**THE PROBLEM:**
Retype every line of the records exactly.

--- DATA EXTRACTS Enclosed Below ---

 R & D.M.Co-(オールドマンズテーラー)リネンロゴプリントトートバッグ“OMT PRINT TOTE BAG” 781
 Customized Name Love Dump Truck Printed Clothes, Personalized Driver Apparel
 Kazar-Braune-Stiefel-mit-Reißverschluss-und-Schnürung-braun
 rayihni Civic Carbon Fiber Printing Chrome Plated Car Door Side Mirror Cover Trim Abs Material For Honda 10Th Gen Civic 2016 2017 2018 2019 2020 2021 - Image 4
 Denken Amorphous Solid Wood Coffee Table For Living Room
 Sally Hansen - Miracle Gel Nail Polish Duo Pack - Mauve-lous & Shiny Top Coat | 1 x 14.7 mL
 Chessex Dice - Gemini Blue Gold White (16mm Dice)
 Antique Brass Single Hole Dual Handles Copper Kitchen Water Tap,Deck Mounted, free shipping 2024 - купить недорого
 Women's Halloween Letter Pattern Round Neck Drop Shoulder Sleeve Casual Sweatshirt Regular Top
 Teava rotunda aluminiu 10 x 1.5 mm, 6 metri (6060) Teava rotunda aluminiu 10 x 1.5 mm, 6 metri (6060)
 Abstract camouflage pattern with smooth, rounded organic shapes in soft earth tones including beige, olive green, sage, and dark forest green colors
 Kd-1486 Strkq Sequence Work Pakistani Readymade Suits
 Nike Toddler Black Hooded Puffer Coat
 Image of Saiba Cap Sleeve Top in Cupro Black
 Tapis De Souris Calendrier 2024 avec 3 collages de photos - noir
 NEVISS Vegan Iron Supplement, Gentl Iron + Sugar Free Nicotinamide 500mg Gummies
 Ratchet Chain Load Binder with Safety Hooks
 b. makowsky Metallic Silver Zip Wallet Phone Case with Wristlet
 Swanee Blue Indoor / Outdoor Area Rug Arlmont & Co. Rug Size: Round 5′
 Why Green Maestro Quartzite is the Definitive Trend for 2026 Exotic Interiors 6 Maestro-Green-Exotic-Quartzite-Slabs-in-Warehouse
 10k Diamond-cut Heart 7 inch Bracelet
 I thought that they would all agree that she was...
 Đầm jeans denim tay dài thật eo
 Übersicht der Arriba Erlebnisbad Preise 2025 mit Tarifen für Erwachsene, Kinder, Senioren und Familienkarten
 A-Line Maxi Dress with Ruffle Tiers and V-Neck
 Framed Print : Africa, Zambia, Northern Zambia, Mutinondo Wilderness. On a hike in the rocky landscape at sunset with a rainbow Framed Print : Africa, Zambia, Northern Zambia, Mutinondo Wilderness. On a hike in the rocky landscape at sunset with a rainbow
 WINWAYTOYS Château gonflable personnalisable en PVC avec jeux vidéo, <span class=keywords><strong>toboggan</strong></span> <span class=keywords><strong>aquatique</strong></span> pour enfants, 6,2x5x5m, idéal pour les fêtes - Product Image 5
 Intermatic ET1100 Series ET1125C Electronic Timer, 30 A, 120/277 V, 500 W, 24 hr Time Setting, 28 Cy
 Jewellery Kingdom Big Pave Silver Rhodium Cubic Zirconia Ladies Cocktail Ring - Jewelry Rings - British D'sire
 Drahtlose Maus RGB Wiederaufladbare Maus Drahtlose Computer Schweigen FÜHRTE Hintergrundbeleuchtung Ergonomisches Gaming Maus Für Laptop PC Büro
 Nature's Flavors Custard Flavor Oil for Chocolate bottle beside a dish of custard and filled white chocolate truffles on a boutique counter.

--- End of Enclosed DATA EXTRACTS ---

**EXERCISE RESPONSE:**
 R & D.M.Co-(オールドマンズテーラー)リネンロゴプリントトートバッグ“OMT PRINT TOTE BAG” 781
 Customized Name Love Dump Truck Printed Clothes, Personalized Driver Apparel
 Kazar-Braune-Stiefel-mit-Reißverschluss-und-Schnürung-braun
 rayihni Civic Carbon Fiber Printing Chrome Plated Car Door Side Mirror Cover Trim Abs Material For Honda 10Th Gen Civic 2016 2017 2018 2019 2020 2021 - Image 4
 Denken Amorphous Solid Wood Coffee Table For Living Room
 Sally Hansen - Miracle Gel Nail Polish Duo Pack - Mauve-lous & Shiny Top Coat | 1 x 14.7 mL
 Chessex Dice - Gemini Blue Gold White (16mm Dice)
 Antique Brass Single Hole Dual Handles Copper Kitchen Water Tap,Deck Mounted, free shipping 2024 - купить недорого
 Women's Halloween Letter Pattern Round Neck Drop Shoulder Sleeve Casual Sweatshirt Regular Top
 Teava rotunda aluminiu 10 x 1.5 mm, 6 metri (6060) Teava rotunda aluminiu 10 x 1.5 mm, 6 metri (6060)
 Abstract camouflage pattern with smooth, rounded organic shapes in soft earth tones including beige, olive green, sage, and dark forest green colors
 Kd-1486 Strkq Sequence Work Pakistani Readymade Suits
 Nike Toddler Black Hooded Puffer Coat
 Image of Saiba Cap Sleeve Top in Cupro Black
 Tapis De Souris Calendrier 2024 avec 3 collages de photos - noir
 NEVISS Vegan Iron Supplement, Gentl Iron + Sugar Free Nicotinamide 500mg Gummies
 Ratchet Chain Load Binder with Safety Hooks
 b. makowsky Metallic Silver Zip Wallet Phone Case with Wristlet
 Swanee Blue Indoor / Outdoor Area Rug Arlmont & Co. Rug Size: Round 5′
 Why Green Maestro Quartzite is the Definitive Trend for 2026 Exotic Interiors 6 Maestro-Green-Exotic-Quartzite-Slabs-in-Warehouse
 10k Diamond-cut Heart 7 inch Bracelet
 I thought that they would all agree that she was...
 Đầm jeans denim tay dài thật eo
 Übersicht der Arriba Erlebnisbad Preise 2025 mit Tarifen für Erwachsene, Kinder, Senioren und Familienkarten
 A-Line Maxi Dress with Ruffle Tiers and V-Neck
 Framed Print : Africa, Zambia, Northern Zambia, Mutinondo Wilderness. On a hike in the rocky landscape at sunset with a rainbow Framed Print : Africa, Zambia, Northern Zambia, Mutinondo Wilderness. On a hike in the rocky landscape at sunset with a rainbow
 WINWAYTOYS Château gonflable personnalisable en PVC avec jeux vidéo, <span class=keywords><strong>toboggan</strong></span> <span class=keywords><strong>aquatique</strong></span> pour enfants, 6,2x5x5m, idéal pour les fêtes - Product Image 5
 Intermatic ET1100 Series ET1125C Electronic Timer, 30 A, 120/277 V, 500 W, 24 hr Time Setting, 28 Cy
 Jewellery Kingdom Big Pave Silver Rhodium Cubic Zirconia Ladies Cocktail Ring - Jewelry Rings - British D'sire
 Drahtlose Maus RGB Wiederaufladbare Maus Drahtlose Computer Schweigen FÜHRTE Hintergrundbeleuchtung Ergonomisches Gaming Maus Für Laptop PC Büro
 Nature's Flavors Custard Flavor Oil for Chocolate bottle beside a dish of custard and filled white chocolate truffles on a boutique counter.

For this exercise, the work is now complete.